Buttermilk Pie is my nominee for this year’s perfect party dessert awards. It’s outrageously easy to make, the filling is luxuriously sweet and creamy on the inside with a lightly crackled sugar top, and despite being an old-fashioned, classic Southern recipe, it doesn’t receive the notoriety it deserves.
I owe my appreciation for classic Southern desserts like buttermilk pie, last week’s Old-Fashioned Sweet Potato Pie, and this famous Lemon Cream Pie to my grammy, who often made them growing up. Chess pie (a close relative of buttermilk pie) was one of her signatures.
If you’ve never had a classic southern buttermilk pie, please run to your kitchen and bake this recipe immediately. It looks unassuming, but every bite is positively luscious. The filling is velvety smooth and delicate with a rich, buttery flavor, which, as you might imagine, is dynamite when eaten from a buttery, flaky pie crust.
What is Buttermilk Pie?
Buttermilk pie is a classic, old fashioned southern dessert that tastes like a custard pie but is SO. MUCH. EASIER. to make.
Buttermilk pie tastes similar to crème brûlée. It’s creamy, buttery, and delicate. In fact, fans of the shiny “lid” on top of crème brûlée (and the lids on pans of brownies) will be delighted to see that buttermilk pie forms a crackly top too. As with crème brûlée, one of life’s great small pleasures is to crack your fork through the top of a buttermilk pie and into the creamy custard below.

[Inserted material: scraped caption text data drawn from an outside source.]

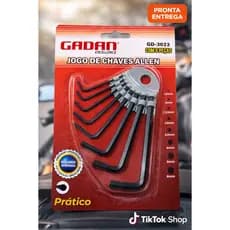 Jogo Chave Allen Hexagonal em L 8 Peças GADAN para Bicicleta e Moto 1,5mm a 6 mm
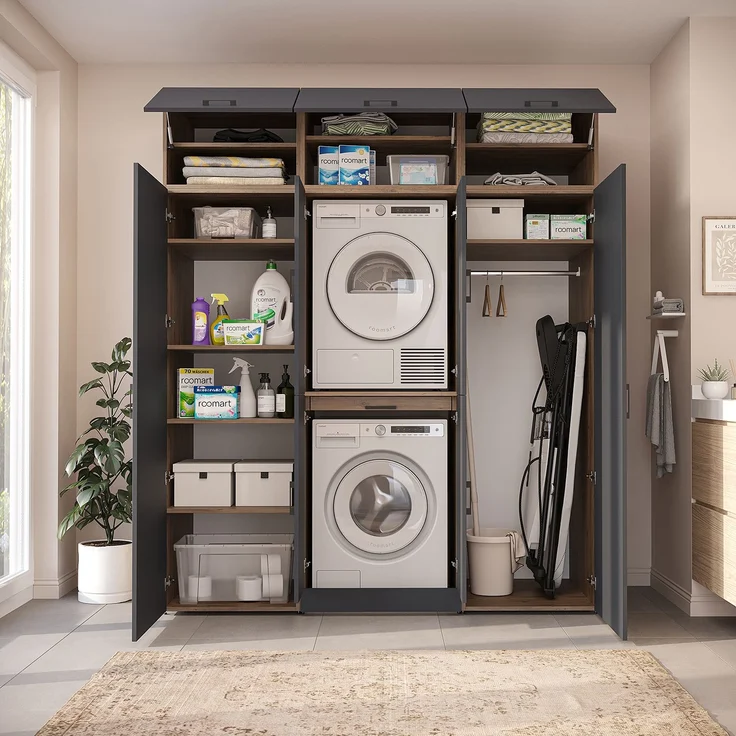 Roomart Waschmaschinenschrank - DORA-I- 190 cm breit - Wasch- & Trocknerschrank mit 2 Hochschränken, Türen & Ausziehbrett, Waschmaschinen-Überbau für Waschküche & Hauswirtschaftsraum • Anthrazit-Eiche – Bild 4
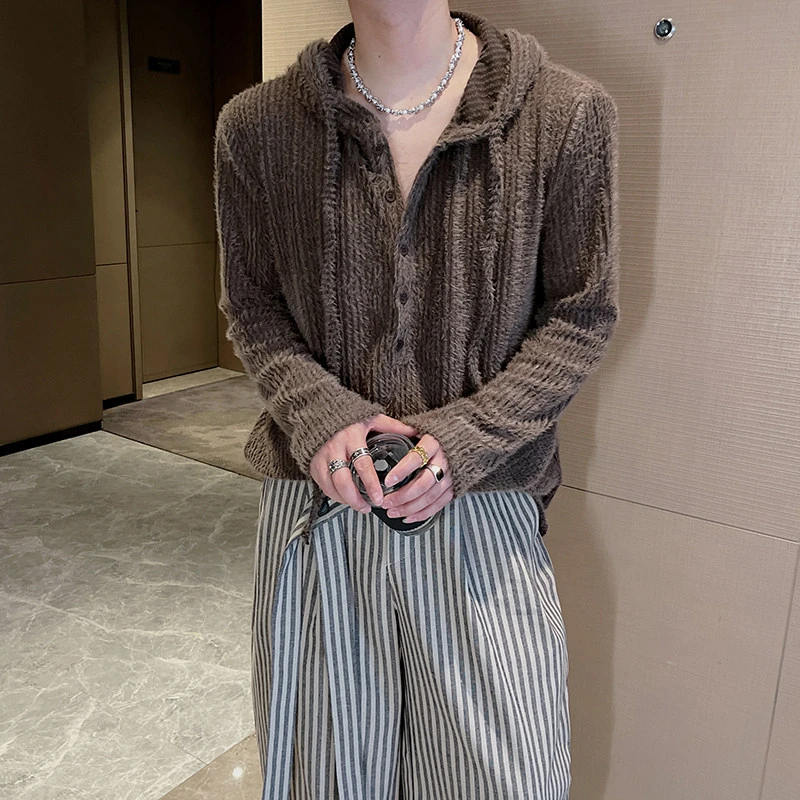 软糯垂感针织打底连帽衫男秋季慵懒风穿搭宽松休闲毛衣内搭外套潮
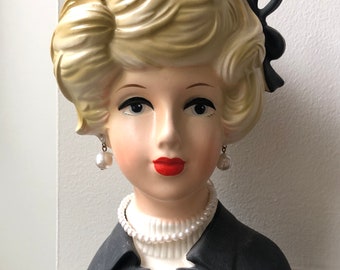 NAPCO Lady Head Vase #8497 Collectible 7 Inch Tall Vintage Head Vase 60’s Mother's Day Gift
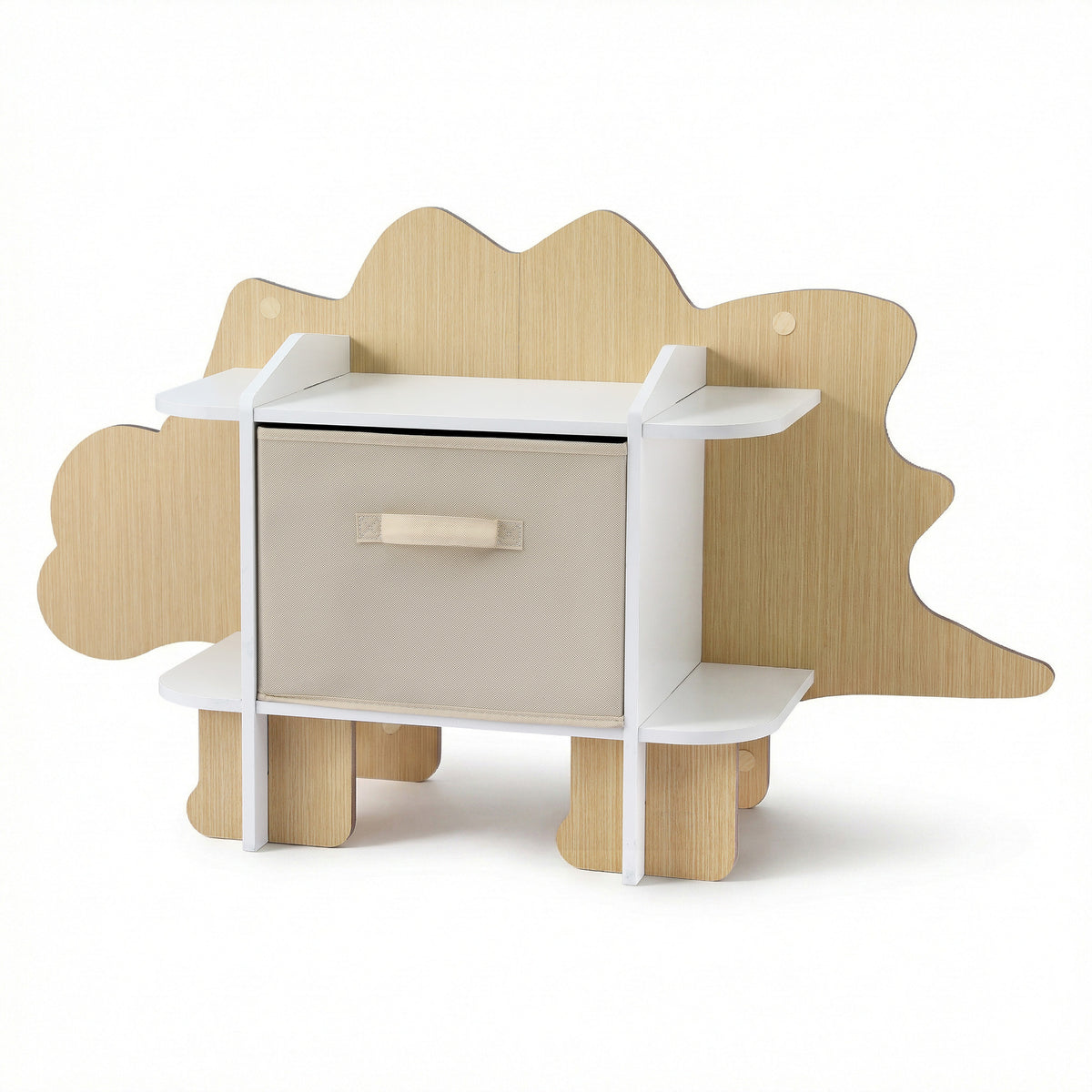 Dinosaur kids bookshelf in a playroom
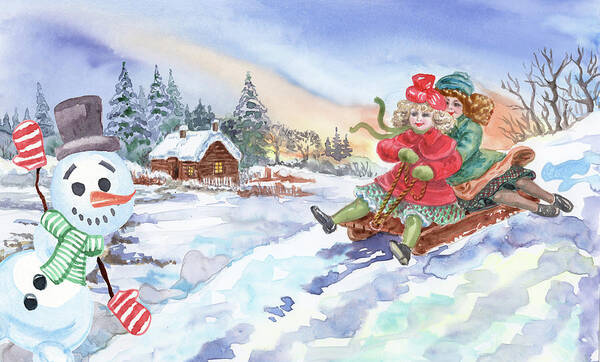Winter Fun Poster featuring the painting Snowman And Two Girls Sledding Winter Watercolor by Irina Sztukowski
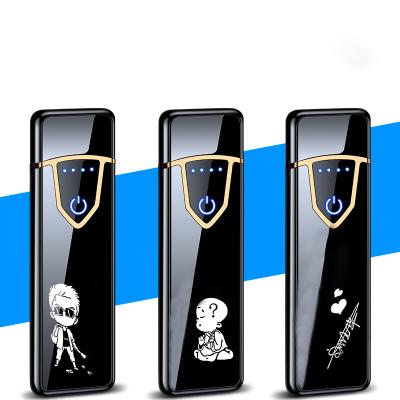 China New Logo Cigarette Eclectic Lighters Custom Mini Touch Windproof Rechargeable Heating Lighter Mode Wire USB Cigarette Lighters for sale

Buttermilk pie is made of simple pantry ingredients (we’re talking eggs, butter, sugar, flour), you beat up the filling in one bowl, and in one of baking’s best magic acts, the filling transforms into a custard while the pie bakes in the oven, without the fuss of tempering egg yolks, heating milk, or any of the other unpleasant tasks typically associated with a custard pie.